== EXERCISE DIRECTIONS ==
Below are the records to retype. Keep every character exactly and leave out the pictures.

### INFORMATION GIVEN ###

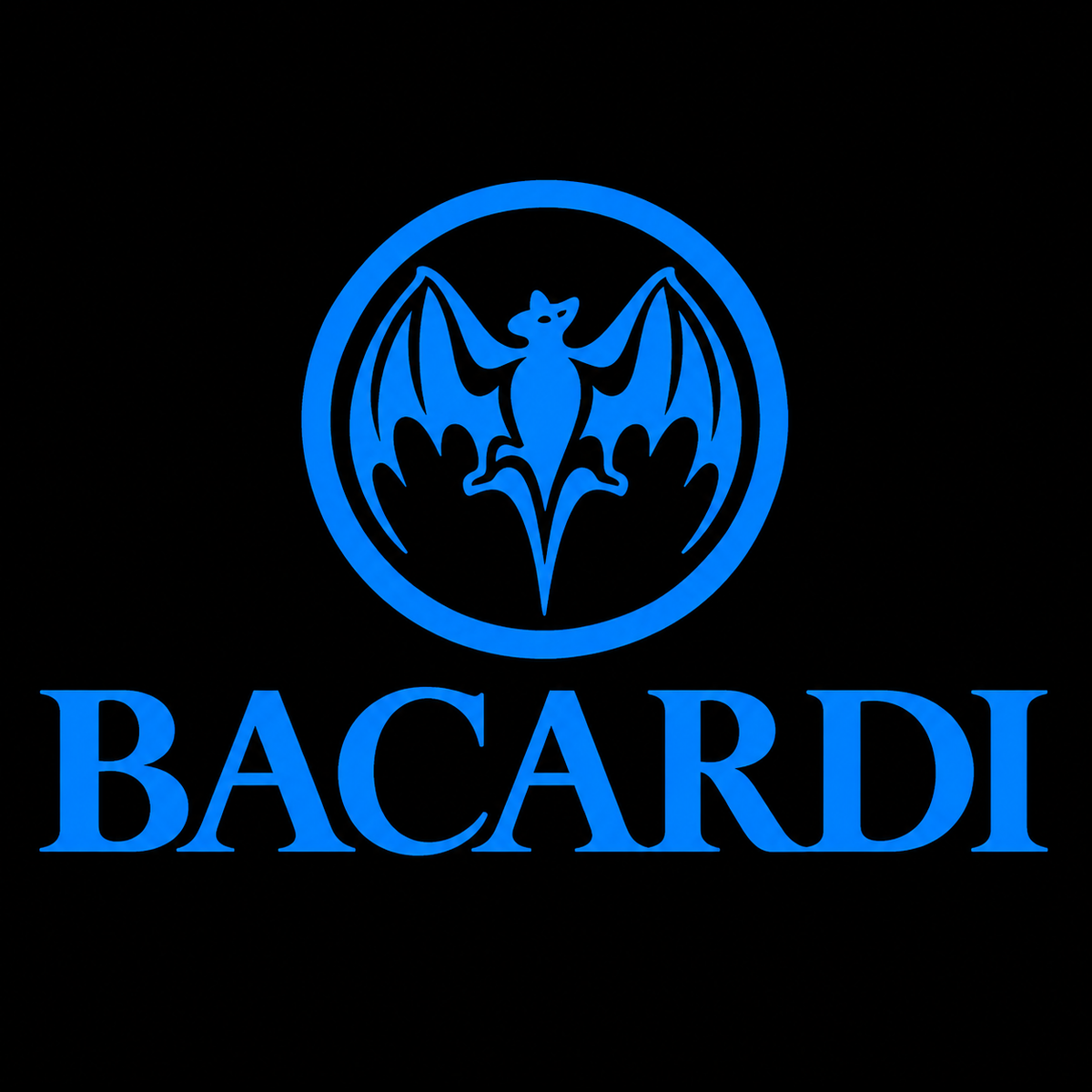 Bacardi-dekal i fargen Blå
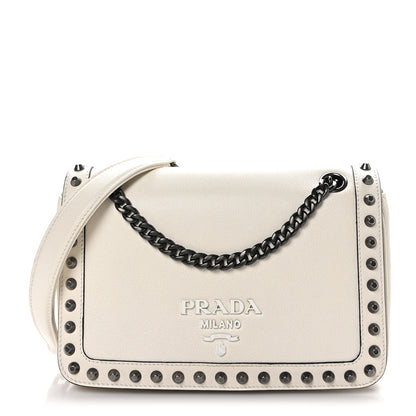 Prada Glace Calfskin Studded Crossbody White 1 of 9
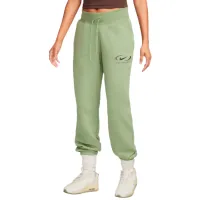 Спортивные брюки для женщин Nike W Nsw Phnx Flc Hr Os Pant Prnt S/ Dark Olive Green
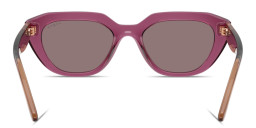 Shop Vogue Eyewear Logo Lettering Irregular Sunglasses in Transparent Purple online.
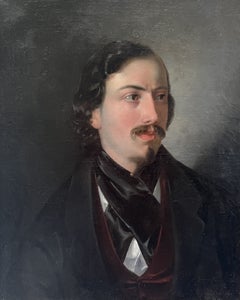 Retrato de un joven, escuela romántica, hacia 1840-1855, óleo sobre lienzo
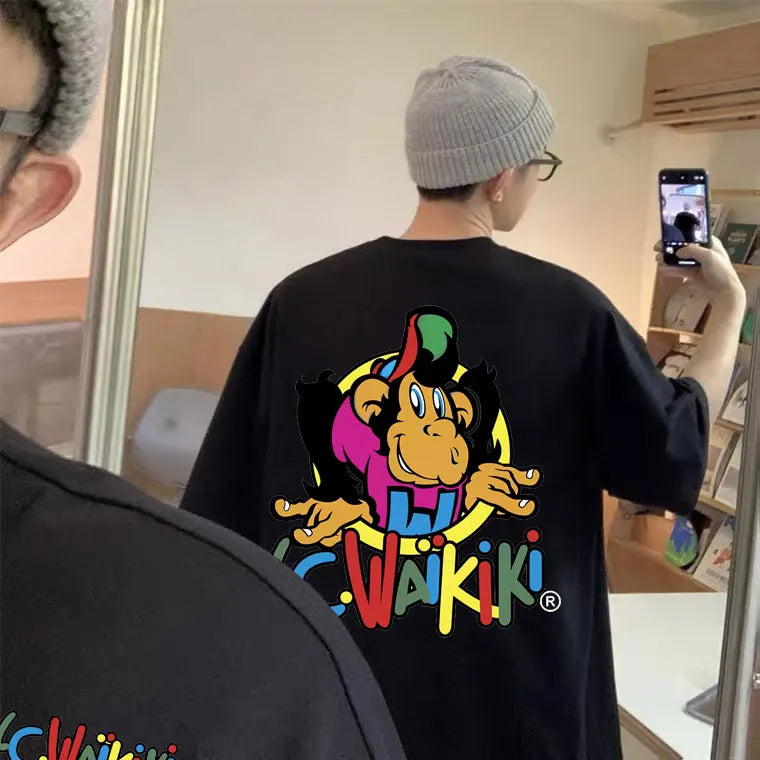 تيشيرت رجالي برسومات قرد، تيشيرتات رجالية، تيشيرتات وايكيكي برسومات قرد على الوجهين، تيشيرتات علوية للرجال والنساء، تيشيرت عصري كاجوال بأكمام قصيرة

###

== ANSWER TO THIS TASK ==
 Bacardi-dekal i fargen Blå
 Prada Glace Calfskin Studded Crossbody White 1 of 9
 Спортивные брюки для женщин Nike W Nsw Phnx Flc Hr Os Pant Prnt S/ Dark Olive Green
 Shop Vogue Eyewear Logo Lettering Irregular Sunglasses in Transparent Purple online.
 Retrato de un joven, escuela romántica, hacia 1840-1855, óleo sobre lienzo
 تيشيرت رجالي برسومات قرد، تيشيرتات رجالية، تيشيرتات وايكيكي برسومات قرد على الوجهين، تيشيرتات علوية للرجال والنساء، تيشيرت عصري كاجوال بأكمام قصيرة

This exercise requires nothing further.